■ PROVIDED DATA ■
•••••

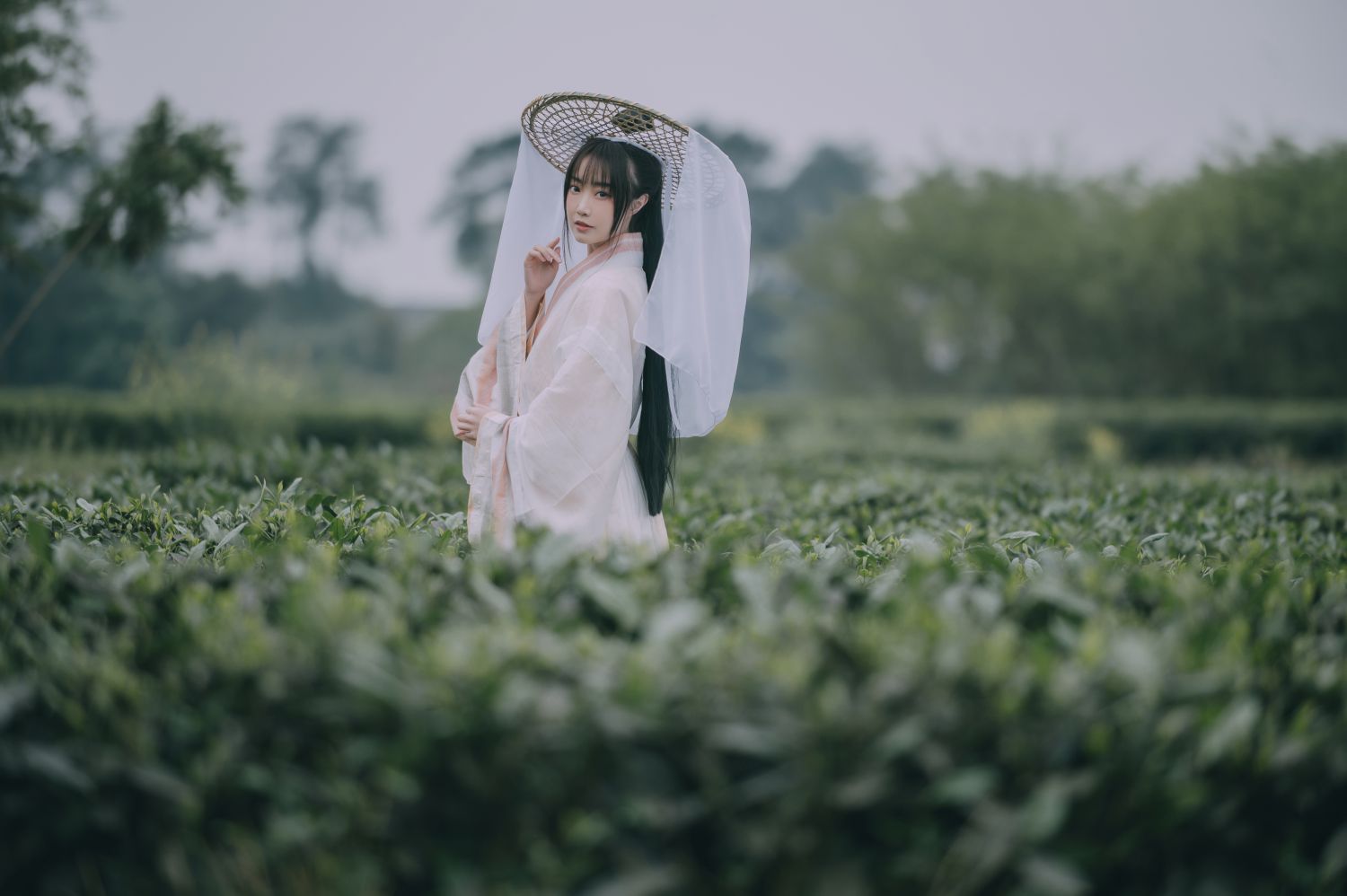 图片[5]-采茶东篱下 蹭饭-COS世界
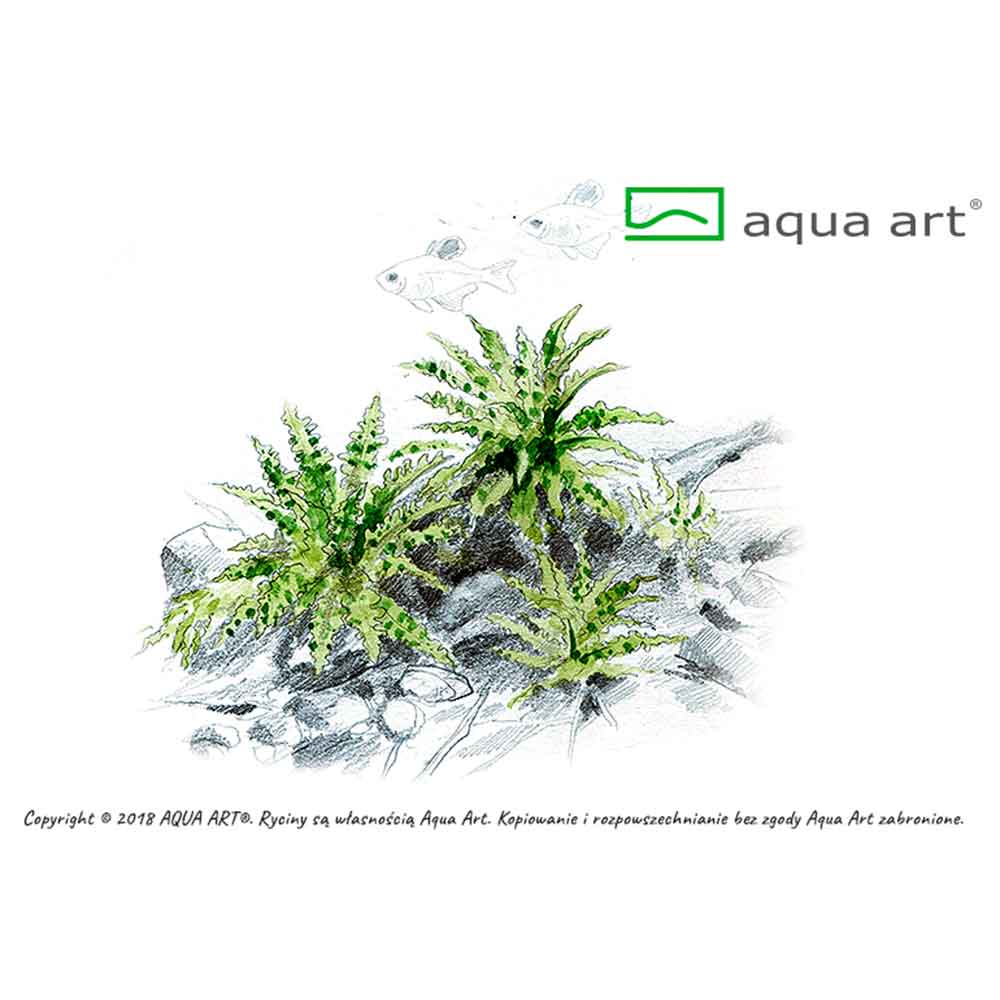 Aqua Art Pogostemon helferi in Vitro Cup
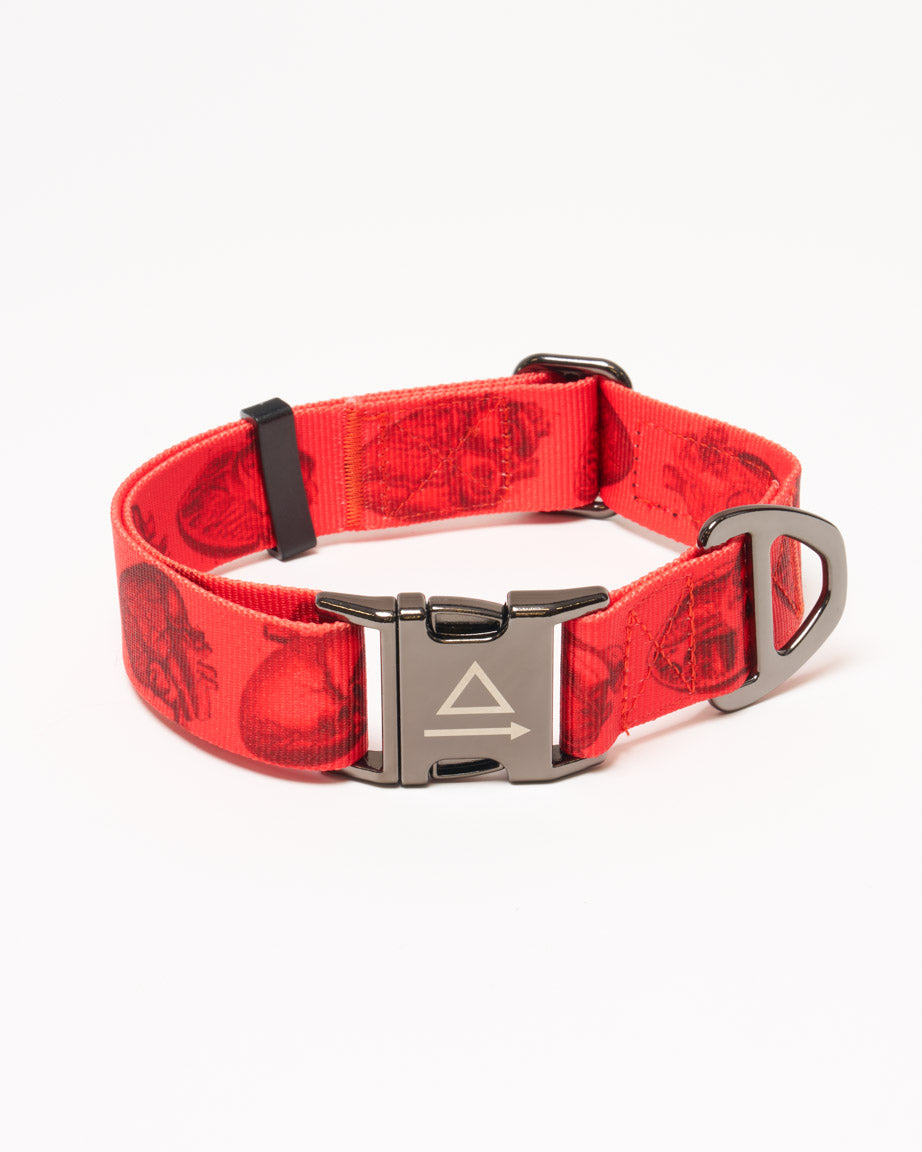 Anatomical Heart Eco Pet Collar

•••••

■ DESCRIPTION OF THE TASK ■
What is wanted is the listing, written out exactly, with each picture removed.

■ REPLY ■
 图片[5]-采茶东篱下 蹭饭-COS世界
 Aqua Art Pogostemon helferi in Vitro Cup
 Anatomical Heart Eco Pet Collar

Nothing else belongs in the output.